The sounds of sectarianism

THE DOOR TO Norma Jean’s bar flew open with a bang and a naked man ran out onto the Gallowgate. He gibbered something we couldn’t catch and then sped round the corner of McFarlane Street and was gone.

Big John, Young John, the Patterson brothers and myself had finished work later than planned in Glasgow’s Barras market and we’d decided to go for a drink. It was Big John’s idea that we visit Norma Jean’s, which had a lively reputation.

We ignored the omen of the naked man and made for the bar’s battered-looking door. Norma Jean’s was one of those places that was impossible to see into from the street. Anything could be waiting behind the door. The inside of the bar turned out to be dark and raucous with laughter.

Within seconds hands began reaching towards us, grabbing at our clothes. “What’s the score here? We’re no wanting trouble,” Big John shouted. A wiry-looking man with a scarred face grinned at him. “Aye but we do. Youse look like bluenoses and this is what we do to bluenoses.” He raised his voice: “Take their clothes off and get them to fuck!”

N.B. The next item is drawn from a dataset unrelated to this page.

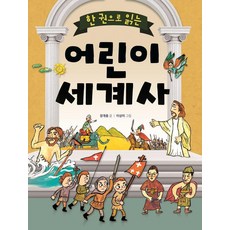 [상서각]한 권으로 읽는 어린이 세계사 (개정판), 상서각, 장개충 상서각, 장개충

We all backed out quick before Norma Jean’s denizens could get a better hold on us. A fresh wave of laughter followed us into the street before the door slammed shut again. Right enough they had got us to fuck, meaning driven us away, but fortunately not like the naked man. Bluenoses were Rangers fans, and the bar was in the heart of the Calton district, notable for having Scotland’s lowest male life expectancy at just 54 years and being solid territory for Celtic supporters.

This was in the late 1980s. Norma Jean’s has changed hands and names a few times since then but, as you can see from Leslie Barrie’s Creative Commons-licensed photo on Geograph, it still makes its allegiances pretty clear as Bar ‘67:

Bar '67 in the Gallowgate, Glasgow


Celtic are for Catholics and Rangers are for Protestants and anyone wanting to sidestep that division might develop an interest in Partick Thistle, but they’d slipped out of the top tier of Scottish football in 1982. When the Old Firm teams played each other, or the Orange Walk approached each 12th of July, sectarian feelings found their traditional rhythms.

Flute bands began practicing in halls and the backs of bars. The pulse of lambeg drums stopped and started from unseen places, once accompanying the sight of a gorse fire creeping up the slopes of the Nitshill housing scheme at dusk. Boys stamped the beat of The Sash on the top decks of buses and drunk men hollered the Irish national anthem. Business picked up for those stalls in the Barras which pragmatically sold cassette tapes appealing to both sides. One half of a stock display would feature the Easterhouse Truth Defenders and the Silver Skull Flute Band and the other half the Wolfe Tones and compilations of Irish rebel songs.

Loyalist marching band in Glasgow


As a young Londoner I was able to meet and observe both sides without much problem, Glaswegians being generally friendly people who viewed the English as irreligious and hence uncommitted to either side. In 1990 I moved to Edinburgh to find work in the printing industry and ended up in a firm run by fanatical Rangers supporters. The Celtic–Rangers division was mirrored in Edinburgh by the city teams of Heart of Midlothian and Hibernian, but the printers weren’t much interested in them.

The workplace ghetto blaster had a stack of flute band tapes next to it and, each Friday, these provided the music for an improvised Orange Walk that threaded its way round the presses and developing tanks. Wastepaper bins given gaffer-tape straps and steel compositors’ rulers held up to the mouth mimed the duties of drum and flute.

The rancour and boredom behind the Friday parade and the endless singing of No Pope of Rome quickly grew tiresome and it was good to leave that job.

All that was part of what I remember of the soundscapes of those times and places. Not a big part, but in there among the newspaper sellers in Hope Street and the soapbox orators in Argyle Street, the hen parties banging their pots and pans and the boys selling candy apples round the housing schemes – most likely on the way out now.